> [ASSIGNMENT] For the records below, print the lines from the line with "Dining Chairs Set, Upholstered" through the line with "Papier peint - World Map: White Oceans" exactly as written; include both end lines and exclude the rest.

***** ENTRIES PROVIDED *****

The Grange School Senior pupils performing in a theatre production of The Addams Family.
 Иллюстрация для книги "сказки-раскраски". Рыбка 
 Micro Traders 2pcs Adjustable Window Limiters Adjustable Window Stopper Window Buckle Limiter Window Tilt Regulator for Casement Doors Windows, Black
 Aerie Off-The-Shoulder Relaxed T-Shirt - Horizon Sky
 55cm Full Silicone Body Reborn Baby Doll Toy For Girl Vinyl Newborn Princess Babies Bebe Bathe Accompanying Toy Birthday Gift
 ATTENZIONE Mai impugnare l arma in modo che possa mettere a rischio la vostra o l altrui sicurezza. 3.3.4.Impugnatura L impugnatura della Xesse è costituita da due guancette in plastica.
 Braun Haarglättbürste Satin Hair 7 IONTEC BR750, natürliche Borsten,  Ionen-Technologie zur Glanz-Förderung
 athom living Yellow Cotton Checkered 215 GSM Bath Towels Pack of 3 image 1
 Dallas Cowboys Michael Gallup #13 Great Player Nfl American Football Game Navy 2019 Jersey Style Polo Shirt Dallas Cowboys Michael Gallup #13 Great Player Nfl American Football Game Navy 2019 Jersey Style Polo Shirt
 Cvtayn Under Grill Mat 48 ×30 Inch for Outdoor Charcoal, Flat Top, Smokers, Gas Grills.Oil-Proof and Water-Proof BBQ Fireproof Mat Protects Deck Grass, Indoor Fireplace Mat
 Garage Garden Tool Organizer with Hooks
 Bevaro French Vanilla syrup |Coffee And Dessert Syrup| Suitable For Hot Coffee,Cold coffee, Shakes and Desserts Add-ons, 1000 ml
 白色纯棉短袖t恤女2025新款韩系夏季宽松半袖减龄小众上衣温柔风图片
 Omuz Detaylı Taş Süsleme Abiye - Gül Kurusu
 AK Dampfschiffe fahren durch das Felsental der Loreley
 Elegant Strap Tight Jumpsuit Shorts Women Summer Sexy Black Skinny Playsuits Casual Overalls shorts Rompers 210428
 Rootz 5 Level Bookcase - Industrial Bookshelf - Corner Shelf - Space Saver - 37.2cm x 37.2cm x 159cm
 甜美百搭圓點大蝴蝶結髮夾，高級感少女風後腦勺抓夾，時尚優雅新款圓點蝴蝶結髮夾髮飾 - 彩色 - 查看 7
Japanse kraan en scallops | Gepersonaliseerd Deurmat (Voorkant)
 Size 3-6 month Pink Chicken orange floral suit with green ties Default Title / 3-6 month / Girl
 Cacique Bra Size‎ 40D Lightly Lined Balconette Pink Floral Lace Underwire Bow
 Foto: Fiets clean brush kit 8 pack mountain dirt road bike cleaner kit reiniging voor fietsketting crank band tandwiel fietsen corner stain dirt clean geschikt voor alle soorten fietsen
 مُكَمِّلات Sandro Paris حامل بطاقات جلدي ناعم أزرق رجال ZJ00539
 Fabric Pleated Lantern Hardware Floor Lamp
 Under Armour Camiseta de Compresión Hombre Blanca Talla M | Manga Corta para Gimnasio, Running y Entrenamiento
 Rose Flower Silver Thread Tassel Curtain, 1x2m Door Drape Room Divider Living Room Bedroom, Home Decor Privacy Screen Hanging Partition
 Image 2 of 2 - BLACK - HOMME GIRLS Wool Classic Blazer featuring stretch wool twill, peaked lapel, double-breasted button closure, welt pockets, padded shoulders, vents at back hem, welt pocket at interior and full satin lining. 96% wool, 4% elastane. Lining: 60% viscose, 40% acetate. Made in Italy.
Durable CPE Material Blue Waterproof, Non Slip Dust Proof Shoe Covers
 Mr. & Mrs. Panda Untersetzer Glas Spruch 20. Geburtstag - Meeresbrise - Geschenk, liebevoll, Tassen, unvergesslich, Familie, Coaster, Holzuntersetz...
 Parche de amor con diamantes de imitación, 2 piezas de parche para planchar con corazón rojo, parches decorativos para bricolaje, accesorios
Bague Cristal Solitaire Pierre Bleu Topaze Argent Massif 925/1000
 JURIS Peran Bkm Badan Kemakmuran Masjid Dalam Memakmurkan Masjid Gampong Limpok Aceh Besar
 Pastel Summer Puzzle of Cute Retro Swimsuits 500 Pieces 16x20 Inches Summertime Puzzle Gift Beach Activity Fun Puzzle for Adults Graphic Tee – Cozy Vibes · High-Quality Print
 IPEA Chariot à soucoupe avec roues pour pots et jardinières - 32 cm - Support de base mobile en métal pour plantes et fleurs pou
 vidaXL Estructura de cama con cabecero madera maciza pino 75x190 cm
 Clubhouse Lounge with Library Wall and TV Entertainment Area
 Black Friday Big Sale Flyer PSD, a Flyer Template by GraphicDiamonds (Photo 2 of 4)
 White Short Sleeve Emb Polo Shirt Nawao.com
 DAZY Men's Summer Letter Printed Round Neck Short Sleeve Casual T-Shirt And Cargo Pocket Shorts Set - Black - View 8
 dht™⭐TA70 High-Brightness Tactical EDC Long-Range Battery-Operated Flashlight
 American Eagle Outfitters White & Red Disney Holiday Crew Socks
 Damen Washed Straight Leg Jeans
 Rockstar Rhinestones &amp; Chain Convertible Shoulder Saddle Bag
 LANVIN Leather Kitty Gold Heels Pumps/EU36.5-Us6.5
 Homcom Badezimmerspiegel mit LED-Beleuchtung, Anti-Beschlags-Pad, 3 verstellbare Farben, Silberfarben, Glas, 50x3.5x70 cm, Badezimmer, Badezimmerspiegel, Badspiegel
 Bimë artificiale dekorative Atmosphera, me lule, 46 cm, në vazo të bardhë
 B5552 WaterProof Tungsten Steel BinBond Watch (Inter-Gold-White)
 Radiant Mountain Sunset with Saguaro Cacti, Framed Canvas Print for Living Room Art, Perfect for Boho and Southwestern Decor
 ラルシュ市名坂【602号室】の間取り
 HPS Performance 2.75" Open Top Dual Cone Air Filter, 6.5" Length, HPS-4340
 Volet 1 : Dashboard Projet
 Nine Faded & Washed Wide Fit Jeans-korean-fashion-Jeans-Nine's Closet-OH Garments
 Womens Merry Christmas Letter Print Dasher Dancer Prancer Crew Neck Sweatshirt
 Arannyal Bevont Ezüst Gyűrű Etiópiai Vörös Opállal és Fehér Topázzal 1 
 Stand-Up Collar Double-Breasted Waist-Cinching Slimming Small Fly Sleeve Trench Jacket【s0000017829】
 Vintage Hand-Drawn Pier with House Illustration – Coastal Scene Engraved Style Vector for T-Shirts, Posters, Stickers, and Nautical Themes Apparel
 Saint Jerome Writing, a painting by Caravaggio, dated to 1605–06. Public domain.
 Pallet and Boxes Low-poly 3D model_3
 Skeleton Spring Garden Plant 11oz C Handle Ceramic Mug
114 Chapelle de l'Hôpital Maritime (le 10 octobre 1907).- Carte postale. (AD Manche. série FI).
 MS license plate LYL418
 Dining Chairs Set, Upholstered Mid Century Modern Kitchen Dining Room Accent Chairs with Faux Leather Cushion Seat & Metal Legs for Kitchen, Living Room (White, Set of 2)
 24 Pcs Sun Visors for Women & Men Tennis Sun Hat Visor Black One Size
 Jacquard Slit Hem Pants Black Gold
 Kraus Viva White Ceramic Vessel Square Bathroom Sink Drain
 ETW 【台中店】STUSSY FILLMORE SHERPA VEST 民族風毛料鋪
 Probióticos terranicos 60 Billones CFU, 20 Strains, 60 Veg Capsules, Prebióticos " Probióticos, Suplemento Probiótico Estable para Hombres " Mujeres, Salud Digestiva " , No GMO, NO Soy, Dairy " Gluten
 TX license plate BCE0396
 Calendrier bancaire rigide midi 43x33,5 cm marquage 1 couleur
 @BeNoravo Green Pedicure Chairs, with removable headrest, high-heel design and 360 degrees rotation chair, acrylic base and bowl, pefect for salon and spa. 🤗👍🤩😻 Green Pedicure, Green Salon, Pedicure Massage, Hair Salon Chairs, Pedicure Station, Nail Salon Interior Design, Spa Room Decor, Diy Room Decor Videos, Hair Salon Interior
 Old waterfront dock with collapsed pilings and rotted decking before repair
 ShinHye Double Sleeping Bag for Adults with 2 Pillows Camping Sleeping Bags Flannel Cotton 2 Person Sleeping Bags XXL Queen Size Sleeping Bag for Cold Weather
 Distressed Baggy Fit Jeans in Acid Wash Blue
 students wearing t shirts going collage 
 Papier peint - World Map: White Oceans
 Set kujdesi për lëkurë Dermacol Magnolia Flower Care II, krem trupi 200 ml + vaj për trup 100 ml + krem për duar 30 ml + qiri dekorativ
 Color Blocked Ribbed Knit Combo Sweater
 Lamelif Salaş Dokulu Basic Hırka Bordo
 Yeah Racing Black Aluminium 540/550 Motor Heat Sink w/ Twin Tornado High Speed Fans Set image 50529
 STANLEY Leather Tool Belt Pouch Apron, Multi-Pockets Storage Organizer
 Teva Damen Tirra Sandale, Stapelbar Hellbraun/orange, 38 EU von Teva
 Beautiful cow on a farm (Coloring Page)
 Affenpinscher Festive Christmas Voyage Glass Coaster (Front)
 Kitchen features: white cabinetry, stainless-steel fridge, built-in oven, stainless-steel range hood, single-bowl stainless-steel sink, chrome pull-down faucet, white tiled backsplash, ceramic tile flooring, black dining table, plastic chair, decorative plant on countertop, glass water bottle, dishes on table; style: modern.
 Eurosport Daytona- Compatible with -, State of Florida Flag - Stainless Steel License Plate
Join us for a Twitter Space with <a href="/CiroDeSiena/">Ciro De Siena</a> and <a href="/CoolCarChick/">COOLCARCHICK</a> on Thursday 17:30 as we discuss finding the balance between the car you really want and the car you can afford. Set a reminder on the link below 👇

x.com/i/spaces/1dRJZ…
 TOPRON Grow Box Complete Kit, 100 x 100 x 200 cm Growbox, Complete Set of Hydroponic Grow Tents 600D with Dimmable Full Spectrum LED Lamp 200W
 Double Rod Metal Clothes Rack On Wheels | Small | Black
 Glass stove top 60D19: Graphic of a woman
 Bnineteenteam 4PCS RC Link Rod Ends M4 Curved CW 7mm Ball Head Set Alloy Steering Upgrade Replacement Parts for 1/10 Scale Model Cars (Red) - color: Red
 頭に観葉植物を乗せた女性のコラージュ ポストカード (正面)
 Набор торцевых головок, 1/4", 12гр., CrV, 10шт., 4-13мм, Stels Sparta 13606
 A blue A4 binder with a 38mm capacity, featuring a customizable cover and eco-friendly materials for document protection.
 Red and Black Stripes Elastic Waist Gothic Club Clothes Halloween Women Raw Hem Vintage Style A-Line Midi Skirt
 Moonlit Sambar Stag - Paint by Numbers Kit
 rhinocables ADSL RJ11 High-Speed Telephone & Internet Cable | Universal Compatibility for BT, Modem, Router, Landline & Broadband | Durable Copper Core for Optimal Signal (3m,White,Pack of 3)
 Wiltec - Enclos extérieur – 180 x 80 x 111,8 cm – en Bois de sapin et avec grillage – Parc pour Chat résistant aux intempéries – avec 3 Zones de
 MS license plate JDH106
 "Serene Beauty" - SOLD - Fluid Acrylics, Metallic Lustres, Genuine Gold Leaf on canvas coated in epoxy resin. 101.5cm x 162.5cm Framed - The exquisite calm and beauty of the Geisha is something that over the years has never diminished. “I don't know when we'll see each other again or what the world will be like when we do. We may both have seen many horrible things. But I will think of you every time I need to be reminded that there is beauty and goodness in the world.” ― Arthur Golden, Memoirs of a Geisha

*****

> [EXPECTED ANSWER]
 Dining Chairs Set, Upholstered Mid Century Modern Kitchen Dining Room Accent Chairs with Faux Leather Cushion Seat & Metal Legs for Kitchen, Living Room (White, Set of 2)
 24 Pcs Sun Visors for Women & Men Tennis Sun Hat Visor Black One Size
 Jacquard Slit Hem Pants Black Gold
 Kraus Viva White Ceramic Vessel Square Bathroom Sink Drain
 ETW 【台中店】STUSSY FILLMORE SHERPA VEST 民族風毛料鋪
 Probióticos terranicos 60 Billones CFU, 20 Strains, 60 Veg Capsules, Prebióticos " Probióticos, Suplemento Probiótico Estable para Hombres " Mujeres, Salud Digestiva " , No GMO, NO Soy, Dairy " Gluten
 TX license plate BCE0396
 Calendrier bancaire rigide midi 43x33,5 cm marquage 1 couleur
 @BeNoravo Green Pedicure Chairs, with removable headrest, high-heel design and 360 degrees rotation chair, acrylic base and bowl, pefect for salon and spa. 🤗👍🤩😻 Green Pedicure, Green Salon, Pedicure Massage, Hair Salon Chairs, Pedicure Station, Nail Salon Interior Design, Spa Room Decor, Diy Room Decor Videos, Hair Salon Interior
 Old waterfront dock with collapsed pilings and rotted decking before repair
 ShinHye Double Sleeping Bag for Adults with 2 Pillows Camping Sleeping Bags Flannel Cotton 2 Person Sleeping Bags XXL Queen Size Sleeping Bag for Cold Weather
 Distressed Baggy Fit Jeans in Acid Wash Blue
 students wearing t shirts going collage 
 Papier peint - World Map: White Oceans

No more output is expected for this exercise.